Entries provided →
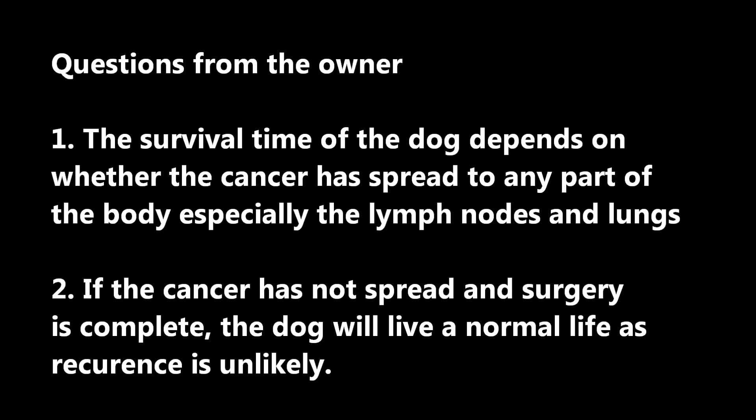The survival time of the dog depends on whether the cancer has spread to any part of the body, especially the lymph nodes and lungs. If the cancer has not spread and surgery is complete, the dog will live a normal life as recurrence is unlikely.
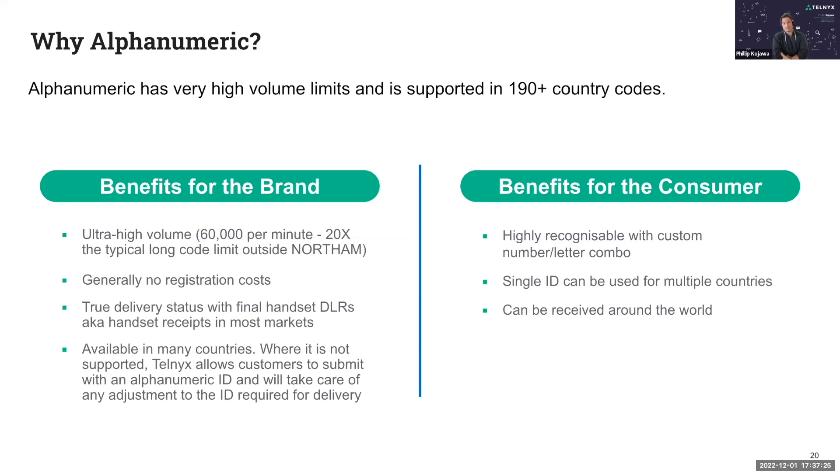Now let's go into the consumer benefits. It's highly recognizable. You can use a combination of letters and numbers — up to six to 11 characters depending on the country. In the UK you can use up to 11 characters, while in India you can use only a maximum of six characters. It's very recognizable because you can use your own company brand or a shortened version of your brand name to send those messages out.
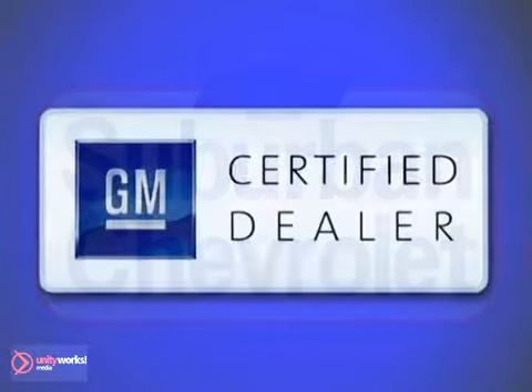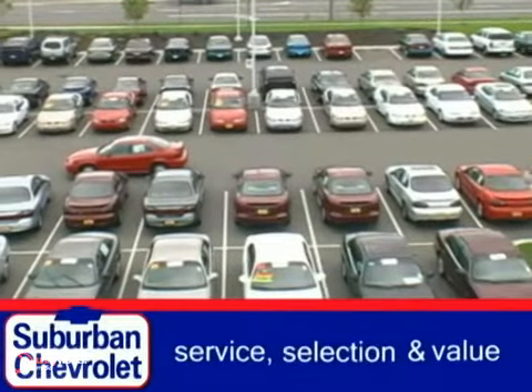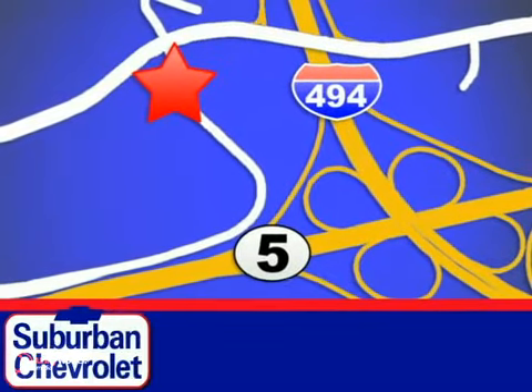At Suburban Chevrolet, a top-performing GM certified dealer, we're all about service, selection, and value. We're conveniently located in Eden Prairie at Highway 494 and Highway 5.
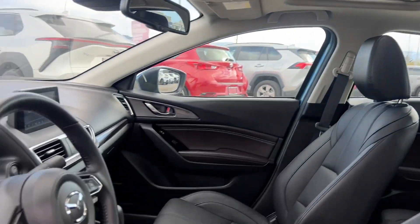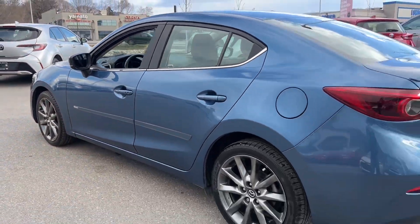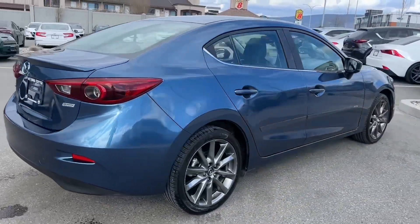If you have any questions about this vehicle, give us a call at 250-491-2475, or visit us at 1624 Cary Road in Kelowna, BC. Kelowna Toyota, where we are community driven.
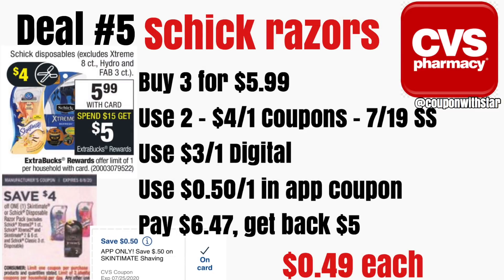Deal number five is on the Schick razors. These are going to be on sale for $5.99 a piece, and when you spend $15 you are going to get back a $5 ExtraCare Buck. We want to use two of the $4 off of one manufacturer coupons that are going to come in tomorrow's SmartSource. We also have a $3 off digital coupon currently available in the app — load that because you may want to use it tomorrow if we do not get a higher value $4 digital coupon. I also have a new 50 cent off in-app coupon that just became available. When you use all of those coupons, you're going to end up paying $6.47 and then getting back a $5 ExtraCare Buck, making these just 49 cents each. We may get some better CRTs tomorrow — shaving CRTs or $4 off of two Skintimate CRTs — so keep your eyes peeled because you may be able to grab these for free.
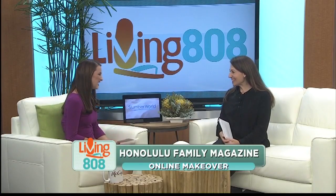Here to tell us about the HonoluluFamily.com makeover is publisher Allison Hellwagon. Good morning, Allison. Good morning, Kelly. Thank you so much for being here. Thanks for having me.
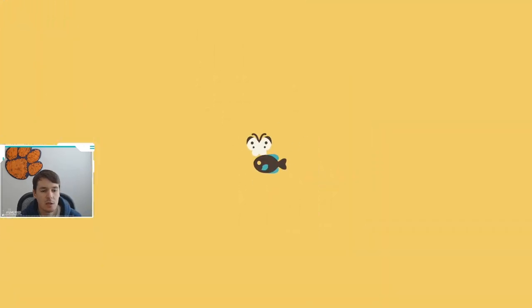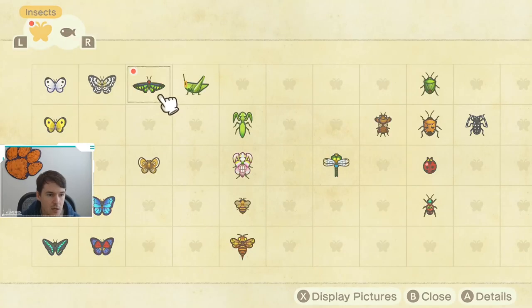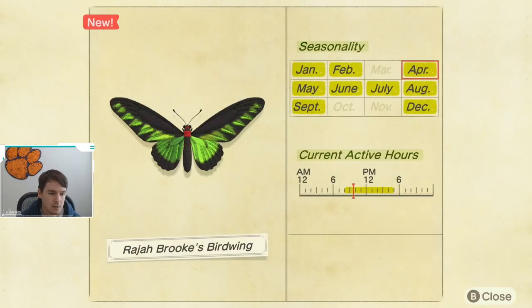Let's take a peek at the Critterpedia for this bug, for Rahja. It is available from January to February, then again April through September, and then it appears again in December. So it's really only not available three months out of the year: March, October, and November. Also, it is available from 8 a.m. till 5 p.m.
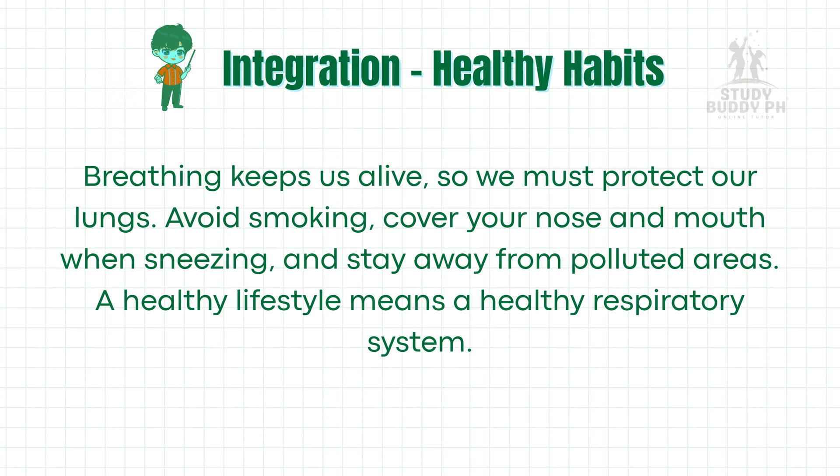Breathing keeps us alive, so we must protect our lungs. Avoid smoking, cover your nose and mouth when sneezing, and stay away from polluted areas. A healthy lifestyle means a healthy respiratory system.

Aim of the task → Pictures aside, return exactly the lines from the data above, starting at the line that has "At Suburban Chevrolet, a" and ending at the line that has "Let's take a", both included.

Task response →
At Suburban Chevrolet, a top-performing GM certified dealer, we're all about service, selection, and value. We're conveniently located in Eden Prairie at Highway 494 and Highway 5.
If you have any questions about this vehicle, give us a call at 250-491-2475, or visit us at 1624 Cary Road in Kelowna, BC. Kelowna Toyota, where we are community driven.
Deal number five is on the Schick razors. These are going to be on sale for $5.99 a piece, and when you spend $15 you are going to get back a $5 ExtraCare Buck. We want to use two of the $4 off of one manufacturer coupons that are going to come in tomorrow's SmartSource. We also have a $3 off digital coupon currently available in the app — load that because you may want to use it tomorrow if we do not get a higher value $4 digital coupon. I also have a new 50 cent off in-app coupon that just became available. When you use all of those coupons, you're going to end up paying $6.47 and then getting back a $5 ExtraCare Buck, making these just 49 cents each. We may get some better CRTs tomorrow — shaving CRTs or $4 off of two Skintimate CRTs — so keep your eyes peeled because you may be able to grab these for free.
Here to tell us about the HonoluluFamily.com makeover is publisher Allison Hellwagon. Good morning, Allison. Good morning, Kelly. Thank you so much for being here. Thanks for having me.
Let's take a peek at the Critterpedia for this bug, for Rahja. It is available from January to February, then again April through September, and then it appears again in December. So it's really only not available three months out of the year: March, October, and November. Also, it is available from 8 a.m. till 5 p.m.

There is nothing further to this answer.